Como siempre, el rito se celebraría junto a las lagunas sagradas de Siecha para hacer los baños de purificación, y ella deseaba poder asistir esta vez.
—¿Sigues ahí? —dijo la cocinera volteando a mirarla—. Vamos, vete. —Caminó hasta ella y la sacó del lugar.
En el patio interior, un grupo de doncellas, que podrían tener su misma edad, se reían mientras terminaban de vestirse con sus telas blancas y vaporosas. Dos de ellas, que ya estaban listas, terminaban de anudar las coronas de flores.
En el suelo había regados alhelíes, mimosas, narcisos y gerberas de color amarillo que las dos chicas tomaban para atarlos a un enorme helecho que les daba forma a las coronas.

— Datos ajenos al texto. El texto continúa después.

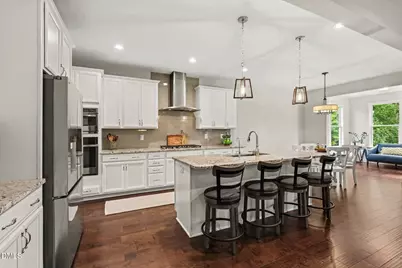 611 Vine Pond Court, Apex, NC 27523 - Photo 6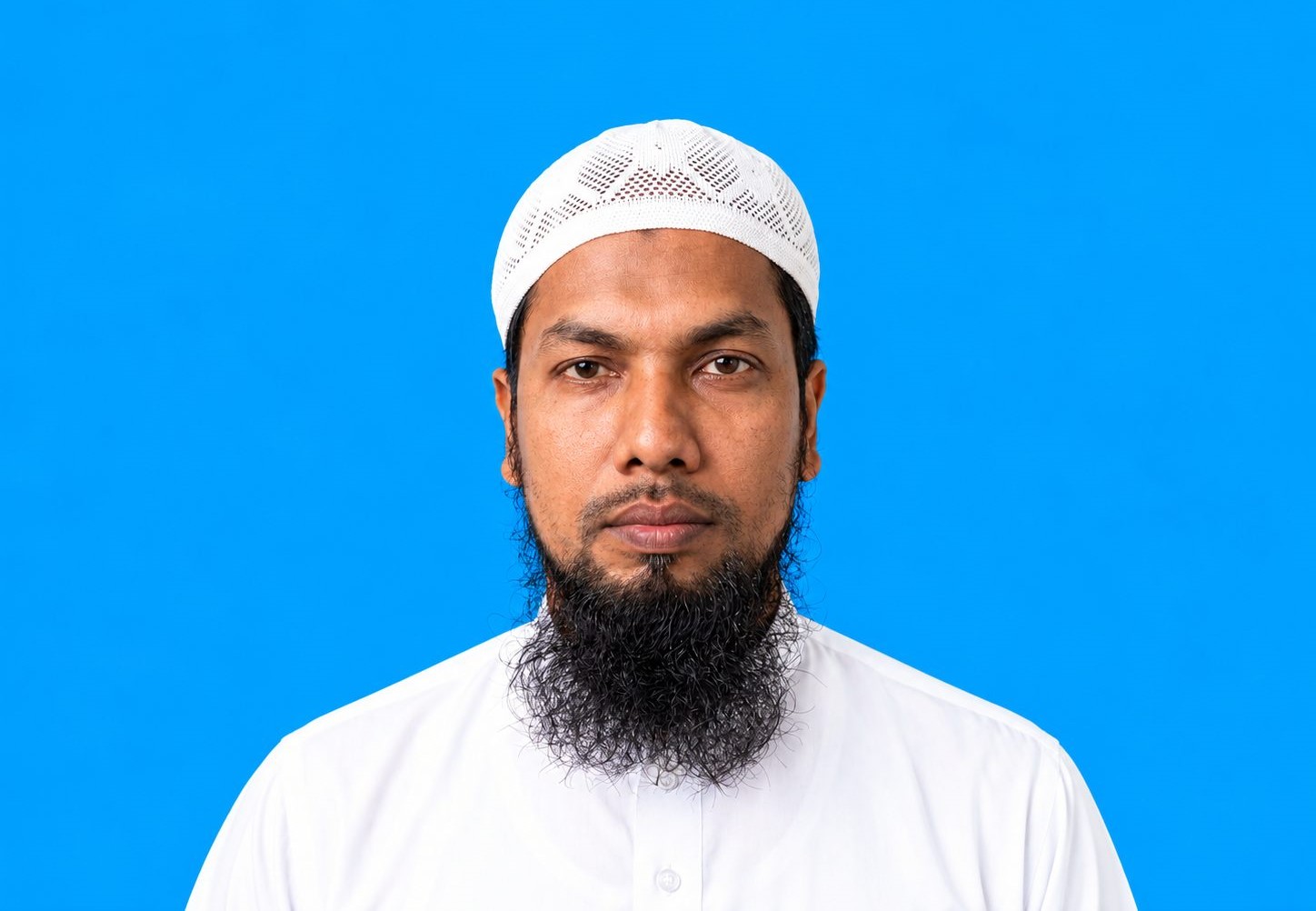 মোঃ আজিজুল ইসলাম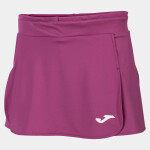 Dámská sukně Joma Open II Tennis Skirt Fuchsia Velikost: S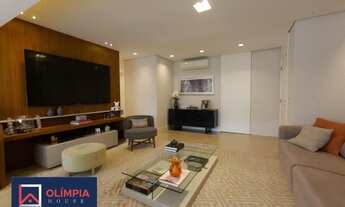 Imagem: Apartamento Venda Vila Olímpia 112 m²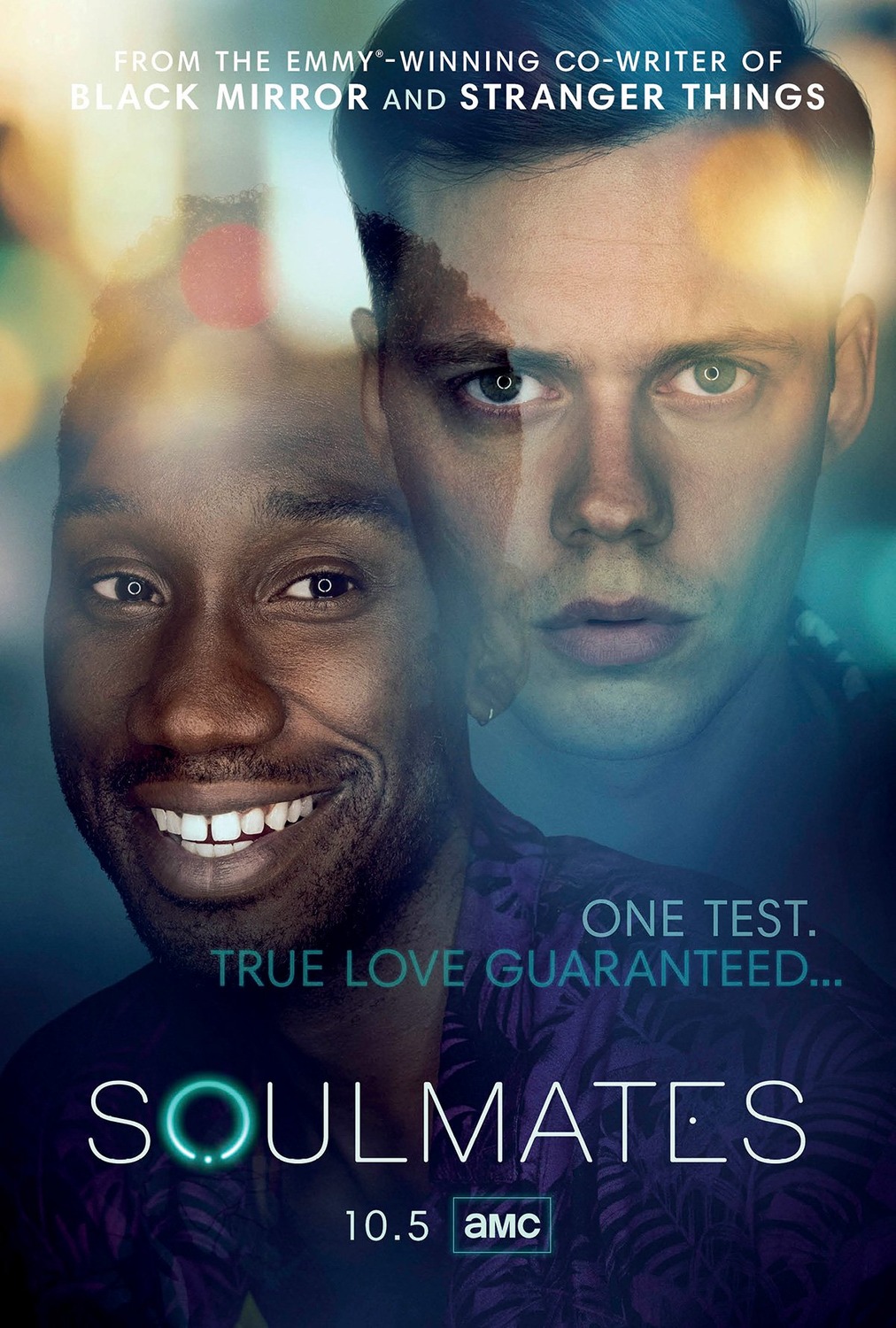 Soulmates Série 2020 AdoroCinema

Alana pasó cerca de ellas, con el fin de obedecer las órdenes de la cocinera, sin poder quitar los ojos de esos hermosos vestidos. Se imaginó bailando con uno de ellos alrededor del fuego sin tener que preocuparse por el hechizo que caía sobre ella. Ojalá Noche encontrara pronto la forma de liberarla.
—¿Todavía no estás lista? —dijo una de las doncellas corriendo hasta la hechizada. Luego la tomó de la mano y la llevó hasta el centro del patio donde el resto de chicas reían y cantaban canciones festivas que ella no conocía. Por más de que la pelirroja trató de negarse, sus protestas fueron en vano.
Dos pares de manos la desvistieron con facilidad, luego le pusieron uno de esos vestidos de tela vaporosa encima, la peinaron y la coronaron con una de las guirnaldas de flores. Cuando terminaron, Alana era una más de ellas.
Uno de los músicos que tocaría por la noche se acercó al grupo de chicas con su laúd en la mano y, contagiado por su alegría, empezó a tocar para ellas.
Pronto, Alana se vio arrastrada por la coreografía.
Aunque se estrelló en más de una ocasión, no tardó en entenderla: salto a la derecha, salto a la izquierda, un aplauso, luego un giro con las manos al aire y después tomarles las manos a las doncellas a sus lados para volver a empezar. No era tan difícil. La joven bruja se vio embargada en una euforia que no conocía, una euforia casi mística, más allá de su comprensión. No quería detenerse, no quería dejar de danzar. Deseó poder continuar así por el resto del día y hasta que los fuegos de la hoguera se extinguieran más allá del amanecer.
—¡Alana!
El llamado de Clementina hizo que dejara de girar y volteara a mirar a la bruja principal. El vestido que llevaba puesto la líder de la hermandad era capaz de arrebatarle la respiración a quien la viera: con su traje rojo y el cabello amarillo cayendo libremente por su espalda parecía el fuego, una llama ardiente.
El reproche en el rostro de Clementina disipó toda la ilusión. La hechizada recordó quién era y dónde estaba, pero, sobre todo, recordó por qué no debería bailar con las doncellas ni lucir sus hermosos vestidos.
Apenada, caminó hasta la bruja principal. Algo en ella hizo que el semblante de Clementina cambiara, ya no había reproche en él sino algo más. Tal vez una profunda decepción.
—¿Qué voy a hacer contigo? —se preguntó Clementina a sí misma.
«Por favor, no me dejes encerrada», pensó Alana mientras la bruja principal extendía la mano.
—Ven, vamos —dijo—. Tenemos que cambiarte de nuevo.